Modeling Interconnect Link Length: Multiple columns of staggered I/O  $\mu$ bumps are used to support the interconnect wires that escape the periphery of the die per routing layer. In Fig. 4, we show an example with  $\mu$  bump pitch that is 4x of the wire pitch. To support the maximum possible wire density that can escape in one layer, four columns of I/O  $\mu$ bumps are required. As the ratio of  $\mu$ bump pitch to wire pitch increases, the number of I/O columns also increases. In addition to this, as the number of routing layers increase, the number of columns of  $\mu$  bumps increase as well. Therefore, the maximum length of the interconnect link increases as the columns grow orthogonal to the edge of the die. We calculate the worst case link length  $(l_{max})$  using equation 1. It can be seen from equation 1 that scaling down the  $\mu$  bump pitch not only reduces the number of columns, it also reduces the additional link length per I/O column as shown in Fig. 5. As *l<sub>max</sub>* increases, the capacitive load as well as resistance of the link increases.

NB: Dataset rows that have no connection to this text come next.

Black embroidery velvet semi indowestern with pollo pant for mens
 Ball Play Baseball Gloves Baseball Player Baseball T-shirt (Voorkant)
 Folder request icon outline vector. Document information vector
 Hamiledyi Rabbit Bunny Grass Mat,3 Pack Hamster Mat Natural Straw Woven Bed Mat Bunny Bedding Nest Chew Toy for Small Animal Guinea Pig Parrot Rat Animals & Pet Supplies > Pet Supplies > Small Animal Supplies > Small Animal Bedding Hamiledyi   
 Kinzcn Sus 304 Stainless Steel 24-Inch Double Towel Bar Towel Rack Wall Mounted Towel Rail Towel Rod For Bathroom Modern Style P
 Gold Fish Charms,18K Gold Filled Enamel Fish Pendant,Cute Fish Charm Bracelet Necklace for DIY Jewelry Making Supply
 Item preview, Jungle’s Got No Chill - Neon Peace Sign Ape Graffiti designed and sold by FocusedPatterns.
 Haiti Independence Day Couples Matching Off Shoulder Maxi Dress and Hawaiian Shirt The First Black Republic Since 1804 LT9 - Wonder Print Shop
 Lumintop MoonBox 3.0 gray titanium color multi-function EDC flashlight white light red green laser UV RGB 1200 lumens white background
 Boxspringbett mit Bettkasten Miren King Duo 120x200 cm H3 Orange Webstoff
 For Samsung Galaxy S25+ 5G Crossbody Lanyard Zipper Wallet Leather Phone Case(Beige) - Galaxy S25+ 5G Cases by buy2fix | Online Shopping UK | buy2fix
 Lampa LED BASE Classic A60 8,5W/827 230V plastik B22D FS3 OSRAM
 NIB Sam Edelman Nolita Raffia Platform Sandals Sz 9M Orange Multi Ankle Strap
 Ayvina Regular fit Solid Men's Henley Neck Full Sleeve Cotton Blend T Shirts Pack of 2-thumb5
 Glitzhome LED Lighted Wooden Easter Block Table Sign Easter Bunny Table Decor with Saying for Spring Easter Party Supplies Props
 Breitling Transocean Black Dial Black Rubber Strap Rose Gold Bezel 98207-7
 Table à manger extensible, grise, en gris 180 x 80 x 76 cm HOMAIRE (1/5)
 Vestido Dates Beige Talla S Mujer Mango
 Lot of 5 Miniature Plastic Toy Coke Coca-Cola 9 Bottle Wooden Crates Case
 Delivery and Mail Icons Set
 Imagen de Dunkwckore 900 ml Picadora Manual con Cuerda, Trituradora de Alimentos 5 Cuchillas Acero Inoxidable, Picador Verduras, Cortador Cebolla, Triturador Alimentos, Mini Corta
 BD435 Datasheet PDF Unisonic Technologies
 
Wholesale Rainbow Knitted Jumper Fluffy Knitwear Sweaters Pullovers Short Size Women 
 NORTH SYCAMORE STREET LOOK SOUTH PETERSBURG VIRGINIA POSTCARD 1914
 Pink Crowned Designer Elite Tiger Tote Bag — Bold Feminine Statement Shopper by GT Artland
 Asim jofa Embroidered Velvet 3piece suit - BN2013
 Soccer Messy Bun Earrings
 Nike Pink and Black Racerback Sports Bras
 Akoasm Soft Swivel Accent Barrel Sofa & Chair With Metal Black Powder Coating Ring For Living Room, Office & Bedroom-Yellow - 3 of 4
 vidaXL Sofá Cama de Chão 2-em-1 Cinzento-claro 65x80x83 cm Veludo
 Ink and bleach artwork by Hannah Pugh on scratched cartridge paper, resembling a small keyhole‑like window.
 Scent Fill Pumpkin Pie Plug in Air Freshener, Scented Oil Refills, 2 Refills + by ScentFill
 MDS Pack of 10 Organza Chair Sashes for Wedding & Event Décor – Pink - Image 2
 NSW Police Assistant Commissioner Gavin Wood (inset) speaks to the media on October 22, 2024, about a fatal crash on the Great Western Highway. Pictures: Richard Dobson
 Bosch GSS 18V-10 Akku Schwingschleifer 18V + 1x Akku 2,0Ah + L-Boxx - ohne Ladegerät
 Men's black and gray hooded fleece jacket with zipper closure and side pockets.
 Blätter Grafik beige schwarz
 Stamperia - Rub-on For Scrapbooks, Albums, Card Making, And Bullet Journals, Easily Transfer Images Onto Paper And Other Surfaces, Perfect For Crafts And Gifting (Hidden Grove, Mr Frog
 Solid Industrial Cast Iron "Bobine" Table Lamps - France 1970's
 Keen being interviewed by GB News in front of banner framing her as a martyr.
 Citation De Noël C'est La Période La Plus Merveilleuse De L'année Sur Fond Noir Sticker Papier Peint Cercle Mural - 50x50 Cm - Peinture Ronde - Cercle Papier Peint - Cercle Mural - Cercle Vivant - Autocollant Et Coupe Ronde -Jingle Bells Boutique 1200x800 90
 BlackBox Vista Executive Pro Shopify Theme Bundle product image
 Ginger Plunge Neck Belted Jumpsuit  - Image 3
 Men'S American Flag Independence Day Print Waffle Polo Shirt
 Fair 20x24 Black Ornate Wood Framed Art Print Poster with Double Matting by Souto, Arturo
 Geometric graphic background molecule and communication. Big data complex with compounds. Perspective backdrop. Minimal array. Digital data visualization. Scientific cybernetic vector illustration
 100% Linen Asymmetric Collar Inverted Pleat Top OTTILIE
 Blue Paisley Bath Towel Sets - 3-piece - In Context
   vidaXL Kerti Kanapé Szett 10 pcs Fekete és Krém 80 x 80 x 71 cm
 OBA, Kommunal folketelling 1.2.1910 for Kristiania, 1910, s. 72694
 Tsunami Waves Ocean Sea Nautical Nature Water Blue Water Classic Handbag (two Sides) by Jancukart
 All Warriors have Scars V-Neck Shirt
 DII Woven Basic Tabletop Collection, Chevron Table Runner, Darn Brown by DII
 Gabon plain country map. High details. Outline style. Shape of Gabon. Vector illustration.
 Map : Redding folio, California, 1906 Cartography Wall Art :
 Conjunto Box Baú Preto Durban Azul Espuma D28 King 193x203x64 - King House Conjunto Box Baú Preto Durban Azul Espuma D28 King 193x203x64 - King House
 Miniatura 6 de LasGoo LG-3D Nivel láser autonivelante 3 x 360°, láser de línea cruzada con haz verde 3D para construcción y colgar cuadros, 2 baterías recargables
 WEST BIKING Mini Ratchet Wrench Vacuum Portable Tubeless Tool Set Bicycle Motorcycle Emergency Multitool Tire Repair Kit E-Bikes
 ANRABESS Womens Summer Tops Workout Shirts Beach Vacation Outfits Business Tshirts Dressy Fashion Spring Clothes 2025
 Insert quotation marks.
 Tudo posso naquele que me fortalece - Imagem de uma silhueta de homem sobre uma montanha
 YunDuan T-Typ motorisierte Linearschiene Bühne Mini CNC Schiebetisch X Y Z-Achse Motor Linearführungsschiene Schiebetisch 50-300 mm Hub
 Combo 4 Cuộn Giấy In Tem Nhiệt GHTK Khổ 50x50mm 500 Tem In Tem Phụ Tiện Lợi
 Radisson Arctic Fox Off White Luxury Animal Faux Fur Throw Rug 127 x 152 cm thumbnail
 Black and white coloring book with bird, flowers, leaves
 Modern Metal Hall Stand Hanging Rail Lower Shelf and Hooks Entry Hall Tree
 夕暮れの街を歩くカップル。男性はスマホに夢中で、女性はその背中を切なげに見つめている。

$$l_{max} = l_{min} + \left(\frac{IO_{pitch}}{wire_{pitch}}\right) \times IO_{pitch} \times (2 \times N_{layers} - 1) - IO_{pitch}$$
(1)

where,  $l_{min}$  is the minimum distance between the  $\mu$ bumps in the neighboring dies,  $N_{layers}$  is the number of routing layers as shown in Fig. 4.  $l_{min}$  primarily depends on two factors: (1) interdie spacing, and (2) distance of the first column from the edge of the die. Inter-die spacing can range from as low as  $50\mu m$  (requires precise die placement and low die edge roughness) [7, 12, 22] to usually a few millimeters [29]. The first I/O column is placed at a distance from the edge of the die to accommodate dicing channel and sealring. This distance varies across foundries and processes and usually lies between  $50\mu m - 200\mu m$ . Therefore,  $l_{min}$  has to be at least  $150\mu m$ . SLIP '20, November 5, 2020, San Diego, CA, USA



Figure 5: Smaller  $\mu$ bumps help reduce the interconnect length.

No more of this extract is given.